> [EXERCISE DIRECTIONS]: For this exercise, print the listing below exactly, without its pictures.

> [DATA SHOWN]:
__________________________________________________

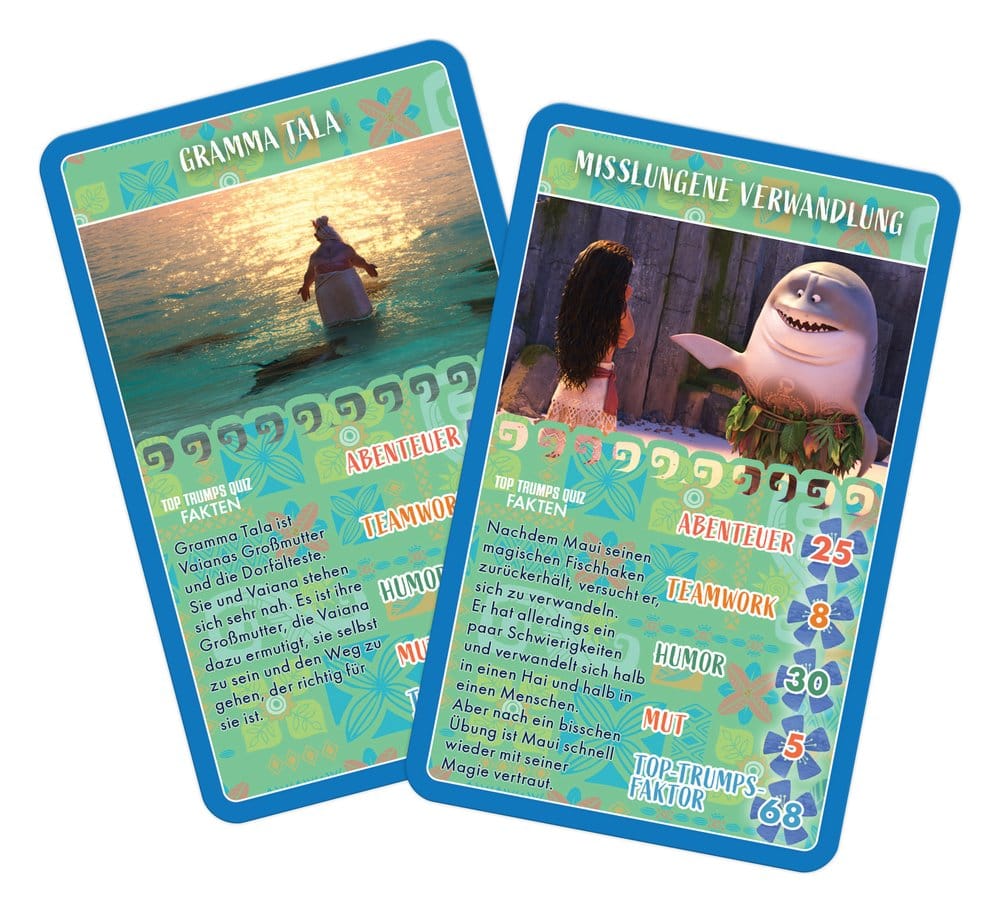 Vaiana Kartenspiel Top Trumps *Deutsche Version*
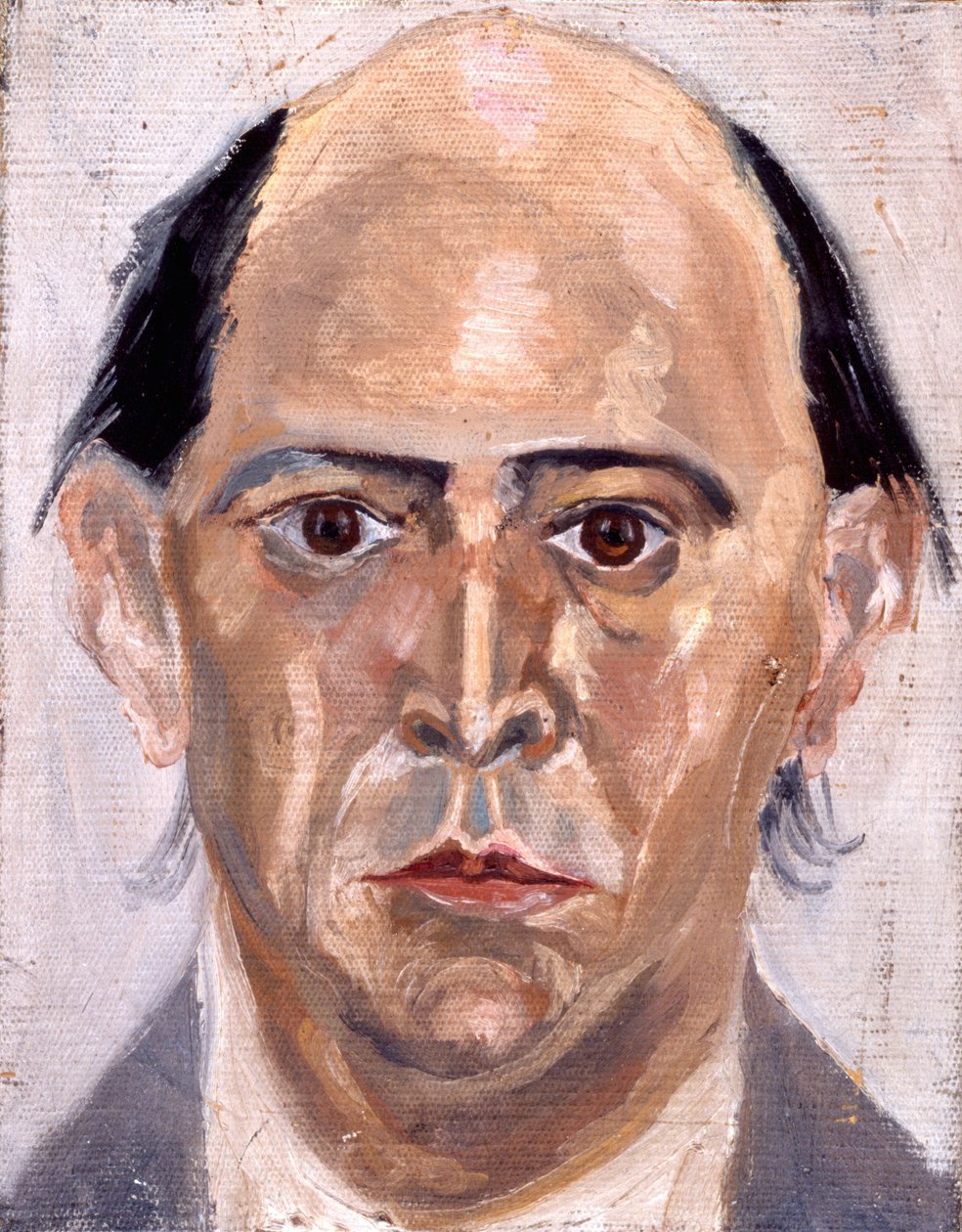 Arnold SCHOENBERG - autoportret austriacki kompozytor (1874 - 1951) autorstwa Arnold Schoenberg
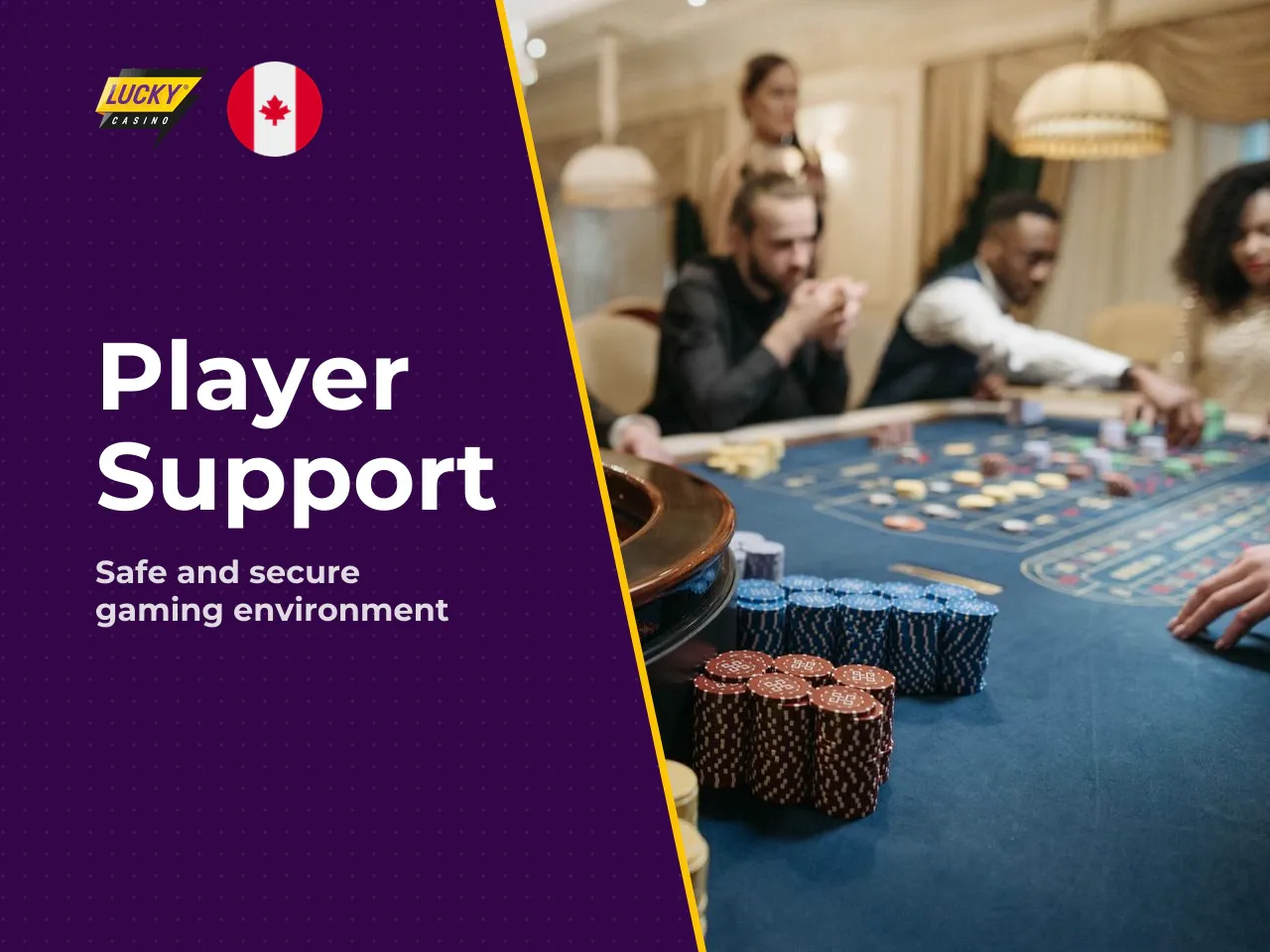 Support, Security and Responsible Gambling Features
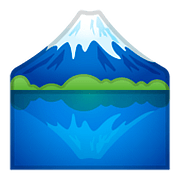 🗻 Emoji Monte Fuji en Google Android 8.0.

__________________________________________________

> [EXERCISE ANSWER]:
 Vaiana Kartenspiel Top Trumps *Deutsche Version*
 Arnold SCHOENBERG - autoportret austriacki kompozytor (1874 - 1951) autorstwa Arnold Schoenberg
 Support, Security and Responsible Gambling Features
 🗻 Emoji Monte Fuji en Google Android 8.0.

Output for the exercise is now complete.